Pathomechanisms and Signatures in the Longitudinal Course of Psychosis

13.01.2015

2018-11-12

004_ Investigating the association of age at onset in schizophrenia patients with genetic/polygenic risk factors

Research Question and Aims

The aim of this study is to investigate the association of genetic markers and/or polygenic risk scores with age at onset in schizophrenia/schizoaffective patients within the PsyCourse cohort.
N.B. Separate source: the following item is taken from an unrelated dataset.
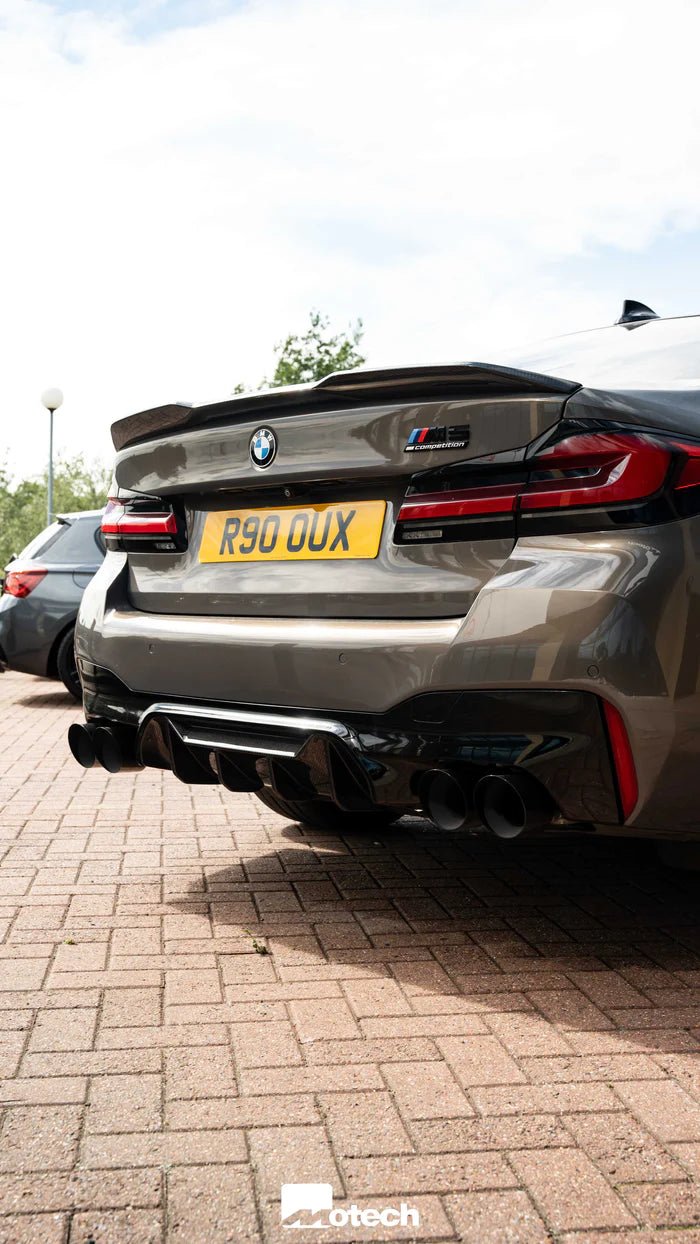 BMW M5 F90 Carbon Fibre Performance Rear Diffuser (2017+) - AUTOID - Rear Diffusers - Essentials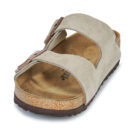 BIRKENSTOCK Arizona Suede / Taupe / Regular Beige Ciabatta Uomo - 3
PsyCourse would be one of the cohorts included in the general study.

Analytic Plan

We hypothesize that genetic/polygenic risk factors will have a significant influence on the age at onset of schizophrenia/schizoaffective patients.

Participants:
Data from all schizophrenia/schizoaffective patients in PsyCourse who have genotype data available will be included in this study.

GWAS:
Data from the Spanish cohort (n=1500) will be integrated with the PsyCourse cohort to perform a case-only GWAS for AAO of SCZ, which could help improving the understanding in the genetic factors that influence disease onset and the mechanisms underlying SCZ. Quality control steps will be performed following the standard protocols and corrections for gender will be applied whenever necessary.

Polygenic risk scores:
GWAS summary statistics for schizophrenia will be obtained from the latest schizophrenia GWAS published to date (Pardinas et al., 2018).SCZ PRS will be calculated based on summary statistics from the discovery dataset excluding rare SNPs (MAF < 5%), low quality imputed variants (info score <90%), indels, ambiguous markers (A/T and C/G), and SNPs in the extended major histocompatibility complex region (chromosome 6: 25-34 Mbp). Data will be clumped in windows of 500 kbp, discarding variants in LD (R2>.1) with another more significant marker. Polygenic risk scores will be standardized. Scores will be calculated based on p value thresholds ranging from p < 5 x 10-8 to p < 1.

Statistical analysis:
At each time point models will be built adjusting for sex, ancestry components, recruitment site, to determine the association of PRS or single genetic variants of special interest on age at onset.

Resources needed

Sociodemographic variables and age at onset information. Genetic data (preferably imputed).